EXERCISE INSTRUCTIONS → In the data below, find the line that contains "Душевая стойка Ramonsoler" and the line that contains "in The USA...". Copy both, plus every line between them, exactly.

TASK MATERIAL →
——————
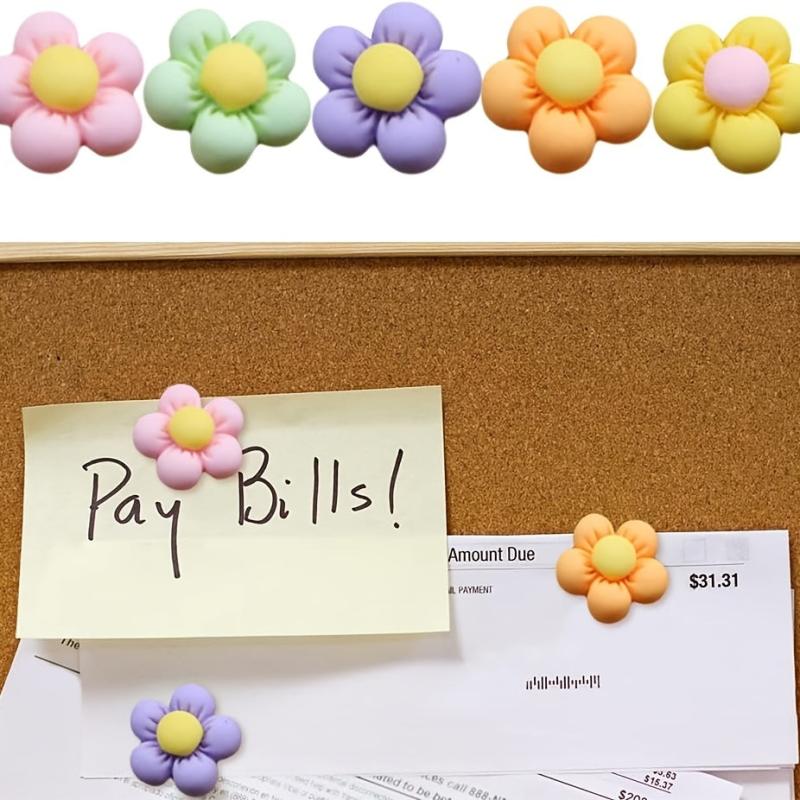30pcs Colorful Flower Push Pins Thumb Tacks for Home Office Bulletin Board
——————
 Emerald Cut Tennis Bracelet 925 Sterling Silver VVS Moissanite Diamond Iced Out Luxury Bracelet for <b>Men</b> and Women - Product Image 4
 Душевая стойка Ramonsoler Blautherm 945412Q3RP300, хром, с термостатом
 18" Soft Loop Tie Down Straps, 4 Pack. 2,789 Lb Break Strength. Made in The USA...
——————
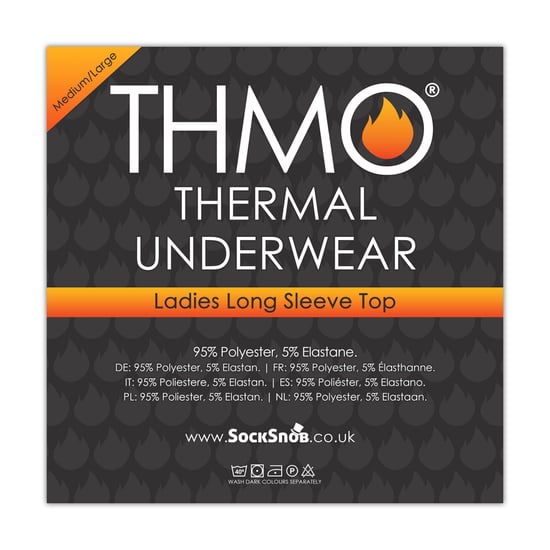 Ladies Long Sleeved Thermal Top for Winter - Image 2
——————
ANSWER TO THIS PROBLEM →
 Душевая стойка Ramonsoler Blautherm 945412Q3RP300, хром, с термостатом
 18" Soft Loop Tie Down Straps, 4 Pack. 2,789 Lb Break Strength. Made in The USA...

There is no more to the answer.